EXERCISE:
Copy word for word the lines in the records below, starting at the line with "My electricity cost" and ending at the line with "Hello everyone, Sam". Skip the pictures.

EXTRACTED RECORDS:
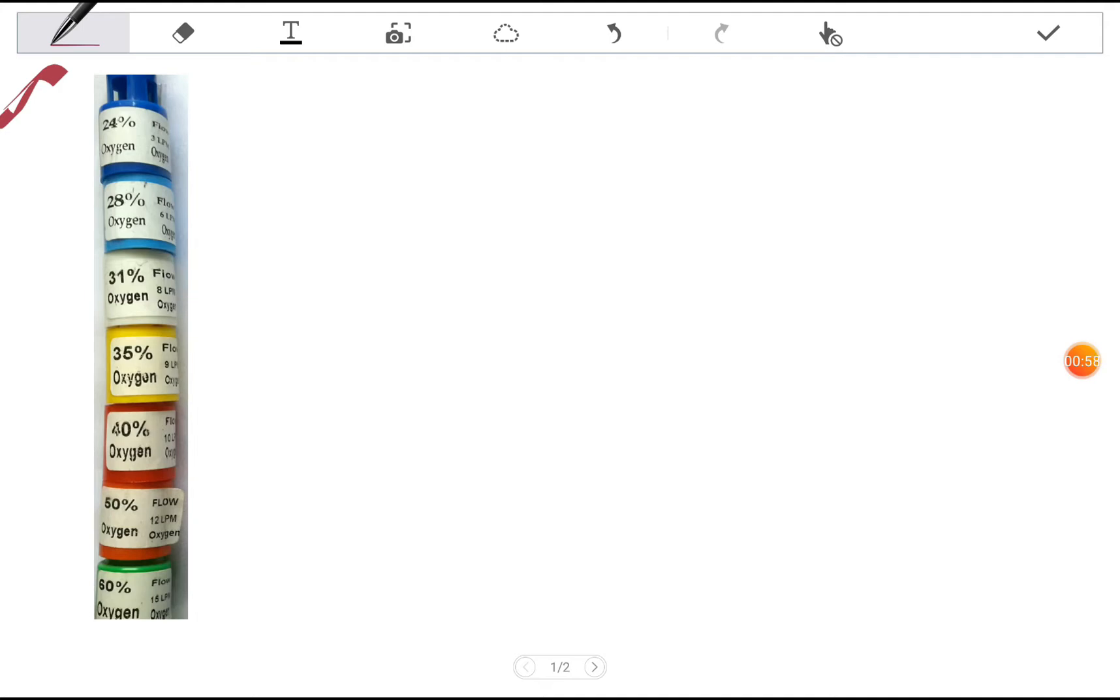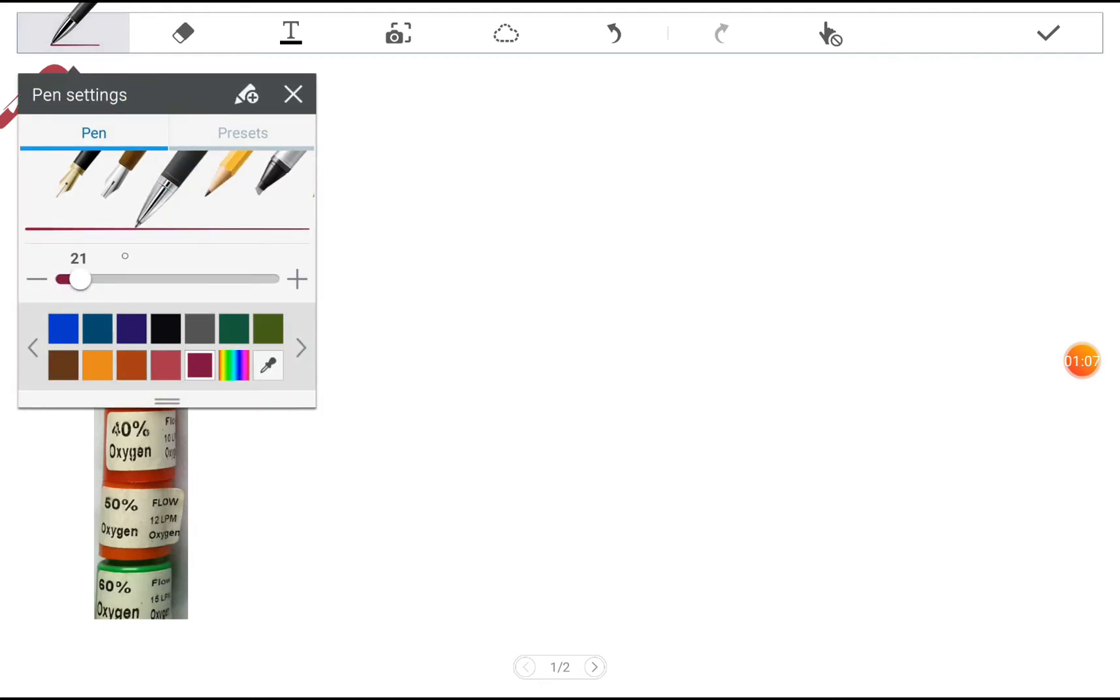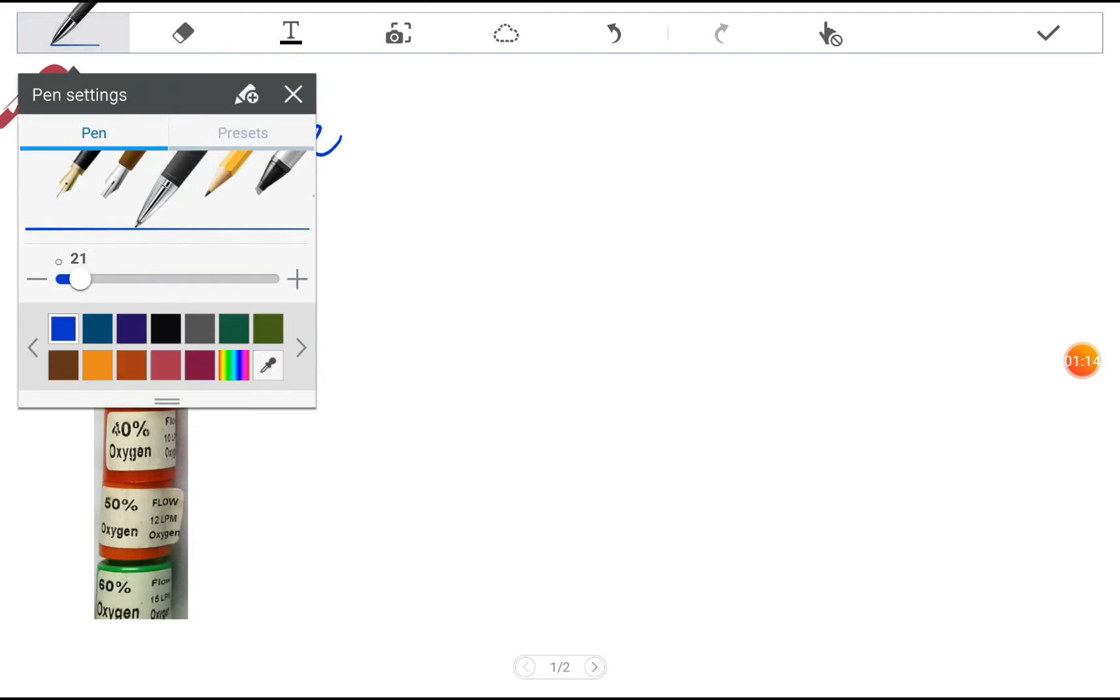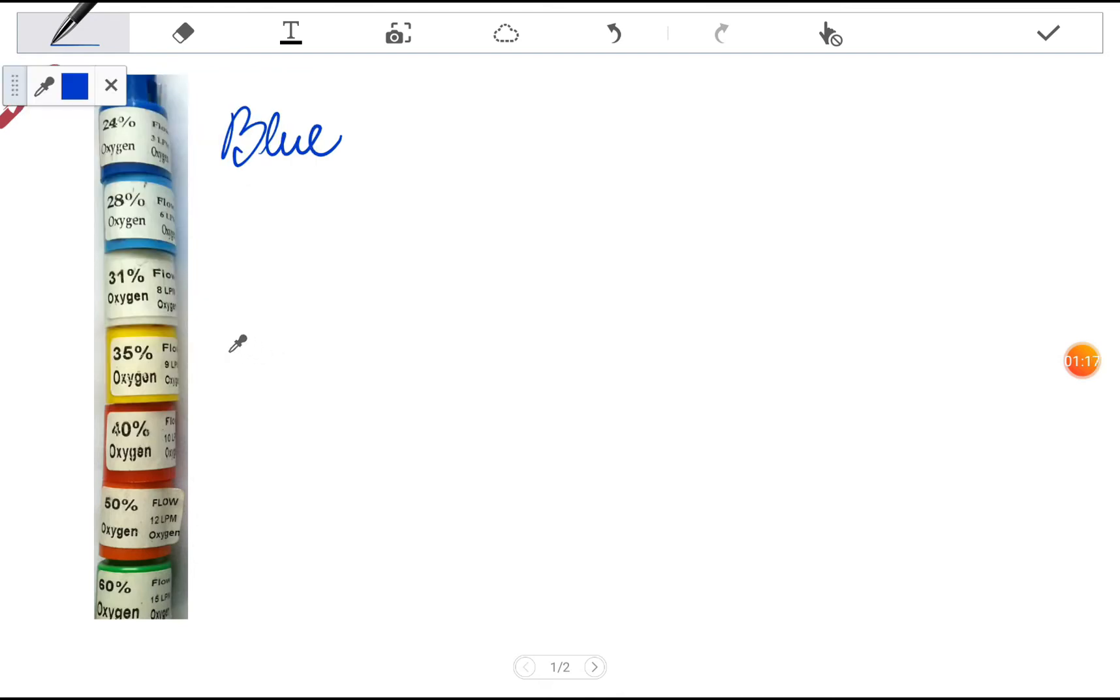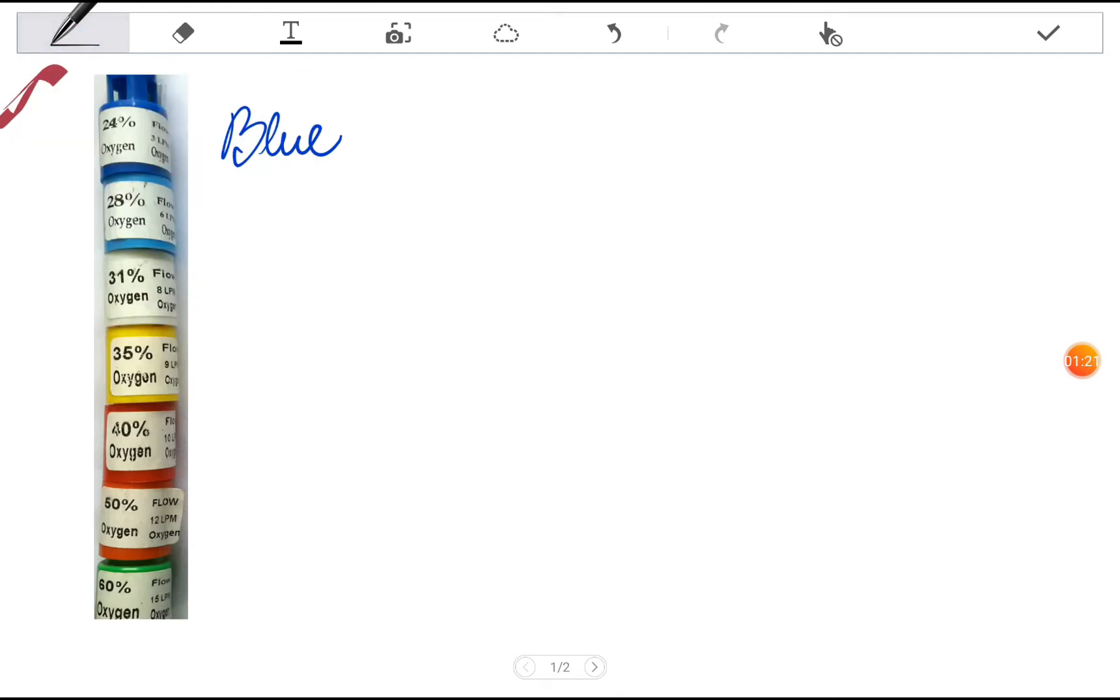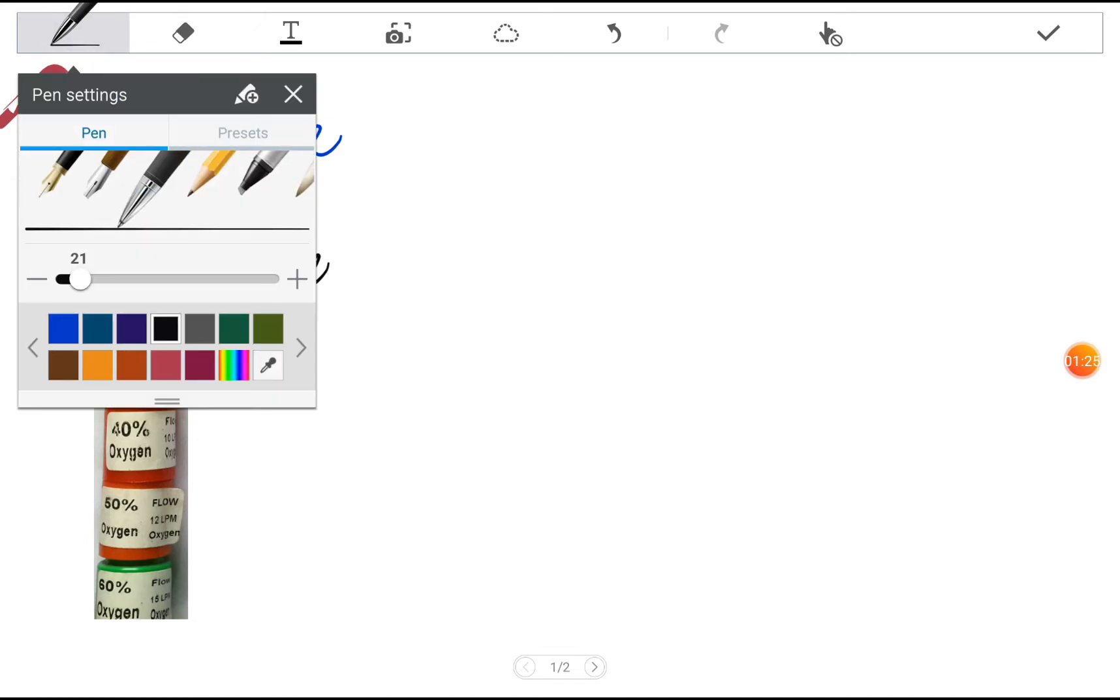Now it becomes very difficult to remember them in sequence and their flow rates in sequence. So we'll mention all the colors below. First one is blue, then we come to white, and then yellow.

...

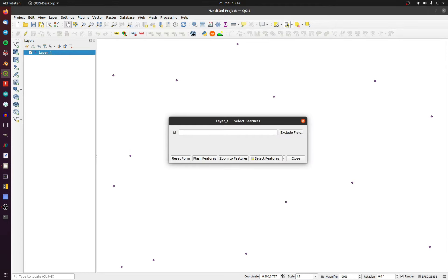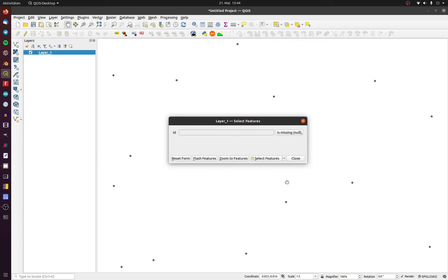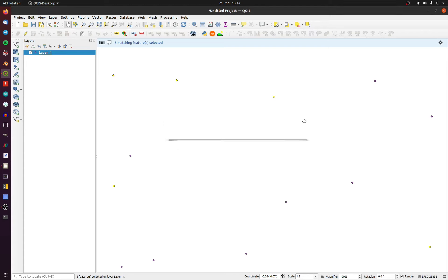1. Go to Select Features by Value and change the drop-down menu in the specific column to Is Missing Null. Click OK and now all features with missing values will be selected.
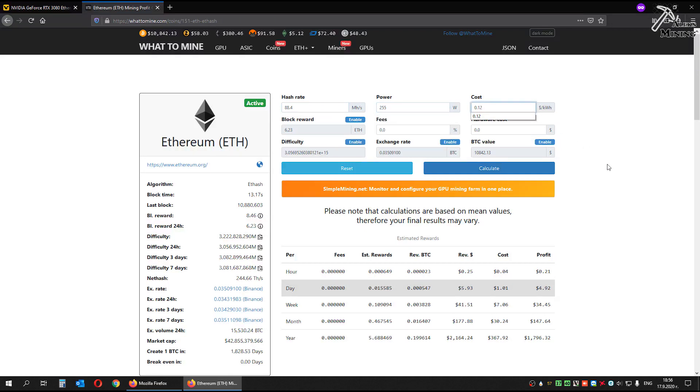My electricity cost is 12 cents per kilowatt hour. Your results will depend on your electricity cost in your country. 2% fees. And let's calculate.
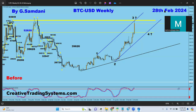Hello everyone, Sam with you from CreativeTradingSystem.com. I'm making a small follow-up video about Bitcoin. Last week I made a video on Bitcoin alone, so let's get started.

FINISHED EXERCISE:
My electricity cost is 12 cents per kilowatt hour. Your results will depend on your electricity cost in your country. 2% fees. And let's calculate.
Hello everyone, Sam with you from CreativeTradingSystem.com. I'm making a small follow-up video about Bitcoin. Last week I made a video on Bitcoin alone, so let's get started.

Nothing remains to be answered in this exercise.